“Spot it in Seconds” is more than an academic project; it’s a creative solution born from the everyday frustration of misplaced items. Yaoxinyu Guo, guided by Syracuse University Newhouse School’s Professor Mel White, developed an advertising campaign that earned a New Talent Gold Award. The series skillfully leverages Tile trackers to turn the often frantic quest for misplaced items into an immersive visual adventure. Inspired by a nature photo of zebras standing out amidst a throng of wildebeests, Guo employs the same bold contrasts in her ads. This creative approach underscores the simplicity with which a Tile can pinpoint possessions in common scenarios, such as finding your keys or retrieving lost luggage in the bustling atmosphere of an airport.
By: Yaoxinyu Guo
This happens to all people: a specific item, normally a small one, that you must take with you suddenly goes missing right before the time you should leave. The clock was ticking, and you crazily searched every corner of the room. If you were lucky enough, you would find the item before it is too late to leave the house, but if you were not, you would find the item and be on time. In situations like this, you desperately wished that the item you were looking for could either make a beep beep sound, glow, or become gigantic, just do something that could make it stand out from the pile. Someone heard this wish, so the Tile trackers came out.
Every product was born for a reason. If the goal is to persuade people to take a product home, it’s important to catch this reason. The problem is that the reason why a product was born always seems so obvious and ordinary, not something exciting, so it gets ruled out and tossed away immediately during the brainstorming sessions for a campaign. But obviousness and ordinariness do not necessarily lead to a boring campaign, and they can be made to blossom. The simple reason why the Tile trackers came out – to help people locate their items in seconds – is what leads to my campaign “Spot it in Seconds.”

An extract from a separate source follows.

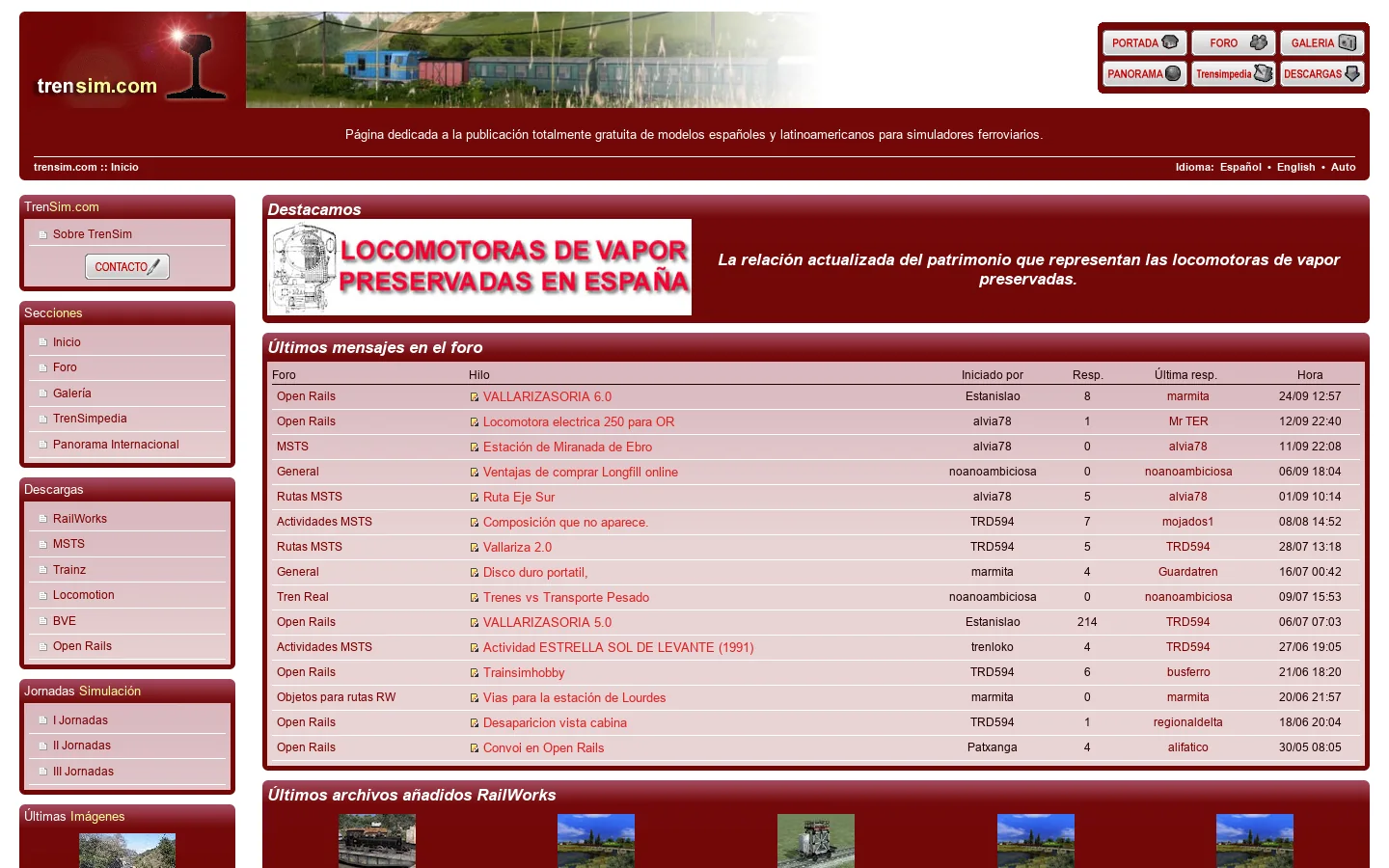 trensim.com : Homepage screenshot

Tile trackers are the magic; they make the item stand out from the crowds. I closed my eyes to imagine how to show this magical moment in a visually appealing way. I thought of those magnificent scenes I had seen in many nature documentaries: thousands of wildebeests were crossing the river. However, I could quickly tell several zebras were in this cloud of dark gray because their stripes made them stand out. Right, this was what I was looking for. In each of the final ads, you will find two different animals: one animal is greater in number but significantly smaller in size/shorter in height/dimmer in color, which makes the other animal, who is the one and only on the page, stand out significantly. Simple but magical.
Recently graduated from Syracuse University’s S.I. Newhouse School of Public Communications, Yaoxinyu “Lexi” Guo is an art director from Kunming, a small but fabulous city in China. Yaoxinyu actively explores design in many fields. Before becoming an art director, she was a data analyst who tried her best to create visually appealing infographics for analysis results. She might become a product designer in the future because she enjoys coming up with designs that can solve everyday problems, and she is passionate about making sketches on paper into real things.